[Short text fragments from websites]
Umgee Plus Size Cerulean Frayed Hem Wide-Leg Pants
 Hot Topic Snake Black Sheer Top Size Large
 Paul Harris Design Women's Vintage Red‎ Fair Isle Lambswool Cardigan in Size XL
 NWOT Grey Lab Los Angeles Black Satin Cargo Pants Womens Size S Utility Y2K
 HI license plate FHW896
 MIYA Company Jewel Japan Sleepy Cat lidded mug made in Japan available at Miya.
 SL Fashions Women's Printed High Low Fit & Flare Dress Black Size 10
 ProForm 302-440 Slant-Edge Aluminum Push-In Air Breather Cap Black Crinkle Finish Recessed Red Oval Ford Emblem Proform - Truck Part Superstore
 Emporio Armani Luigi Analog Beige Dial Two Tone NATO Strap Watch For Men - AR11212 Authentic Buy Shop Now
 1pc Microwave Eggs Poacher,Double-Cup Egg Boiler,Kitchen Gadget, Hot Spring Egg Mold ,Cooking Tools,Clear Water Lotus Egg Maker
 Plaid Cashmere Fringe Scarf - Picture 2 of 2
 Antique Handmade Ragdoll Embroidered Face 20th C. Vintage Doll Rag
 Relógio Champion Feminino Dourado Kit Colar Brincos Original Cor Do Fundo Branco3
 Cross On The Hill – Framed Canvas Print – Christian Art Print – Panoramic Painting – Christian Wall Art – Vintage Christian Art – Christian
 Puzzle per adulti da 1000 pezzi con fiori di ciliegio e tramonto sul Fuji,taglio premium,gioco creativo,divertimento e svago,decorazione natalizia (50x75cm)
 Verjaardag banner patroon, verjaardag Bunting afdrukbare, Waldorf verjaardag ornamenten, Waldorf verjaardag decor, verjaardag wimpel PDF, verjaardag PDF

Assignment
Transcribe exactly, and only, the lines that extend from the one containing "Puzzle per adulti" to the end of the records above, inclusive of both.

Result
 Puzzle per adulti da 1000 pezzi con fiori di ciliegio e tramonto sul Fuji,taglio premium,gioco creativo,divertimento e svago,decorazione natalizia (50x75cm)
 Verjaardag banner patroon, verjaardag Bunting afdrukbare, Waldorf verjaardag ornamenten, Waldorf verjaardag decor, verjaardag wimpel PDF, verjaardag PDF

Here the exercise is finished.